The case of In Re: Lehman Bros. Sec. and ERISA Litig., No. 15-2229 (2d Cir. 2016) has returned to the Second Circuit Court of Appeals (the “Court”) for the second time since 2013. After the September 2008 bankruptcy of Lehman Brothers Holdings, Inc. (“Lehman”), the plaintiffs (“Plaintiffs”) brought suit on behalf of a putative class of former participants in an employee stock ownership plan (“ESOP”) invested exclusively in Lehman’s common stock. Plaintiffs alleged, among other things, that the defendants (“Plan Committee Defendants”), who were fiduciaries of this ESOP, breached their duty of prudence under ERISA by continuing to permit investment in Lehman stock in the face of circumstances arguably foreshadowing its eventual demise. The District Court had ruled in favor of the Plan Committee Defendants.
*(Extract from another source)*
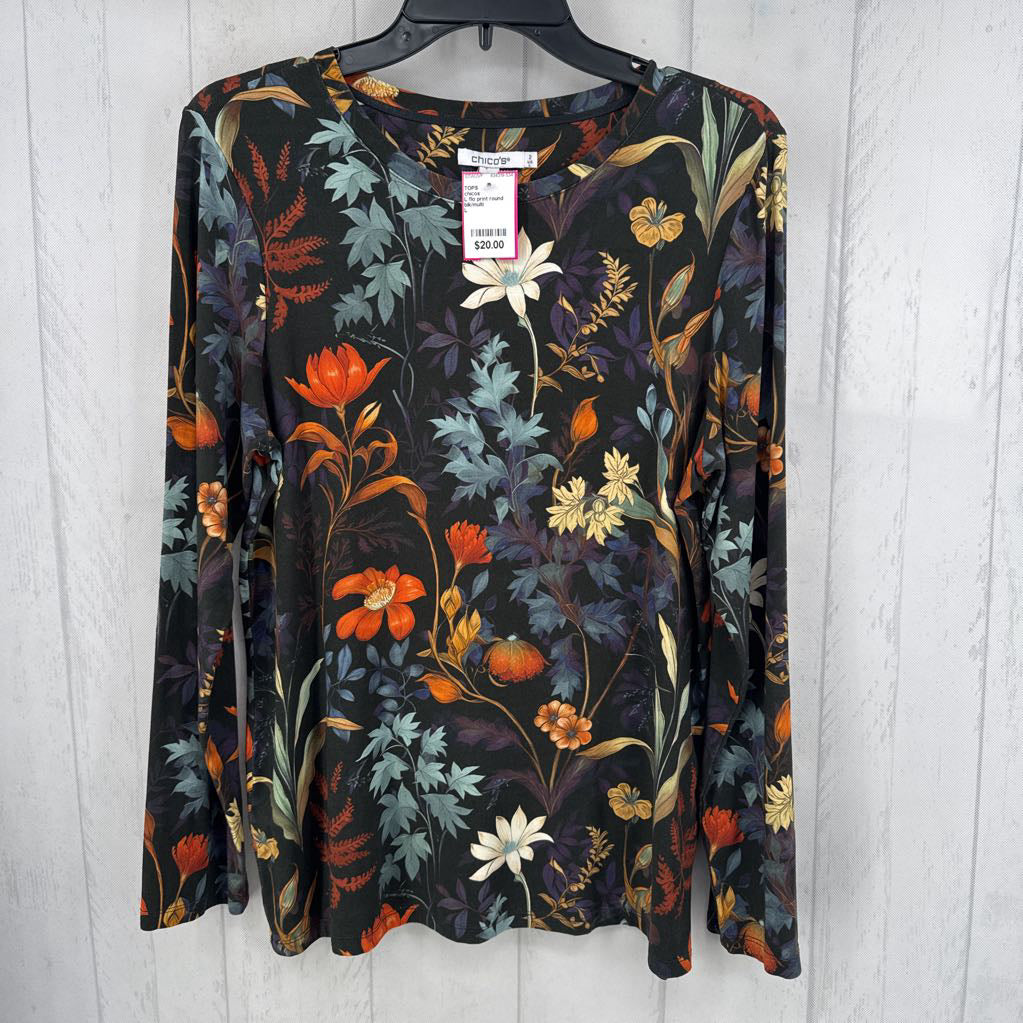 L flo print round neck l/s top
The Court reviewed the case history and noted that on June 25, 2014, the Supreme Court of the United States held in Fifth Third Bancorp v. Dudenhoeffer (“Fifth Third”) that ESOP fiduciaries are not entitled to any special presumption of prudence when the plan invests in employer stock, abrogating the so called Moench presumption of prudence. Nevertheless, even without this presumption, the Court ruled that the Plaintiffs have failed to state a claim of breach of fiduciary duty.
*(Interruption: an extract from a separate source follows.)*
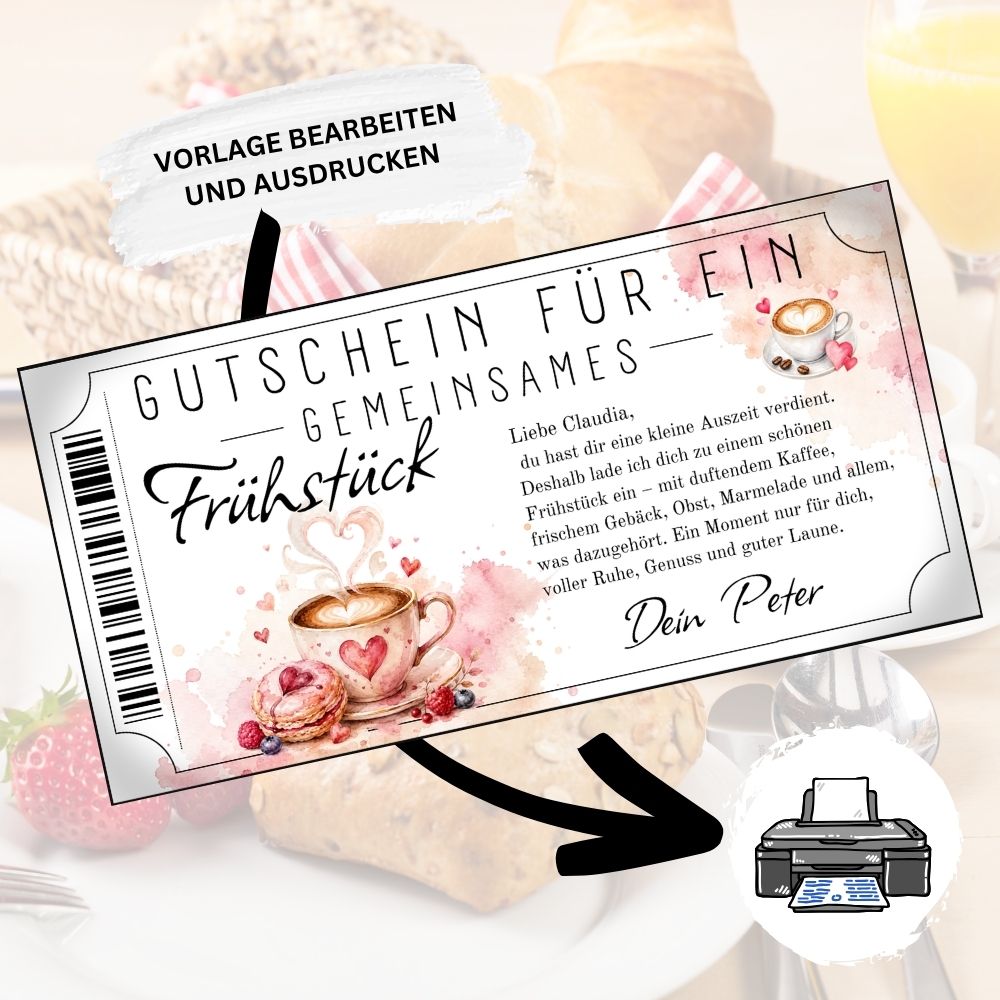 Digitaler Frühstücksgutschein zum Valentinstag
After reviewing the case, the Court stated that it agreed with the District Court that, even without the presumption of prudence rejected in Fifth Third, Plaintiffs have failed to plead plausibly that the Plan Committee Defendants breached their fiduciary duties under ERISA by failing to recognize the imminence of Lehman’s collapse. Plaintiffs have not adequately shown that the Plan Committee Defendants should be held liable for their actions in attempting to meet their fiduciary duties under ERISA while simultaneously offering an undiversified investment option for employees’ retirement savings.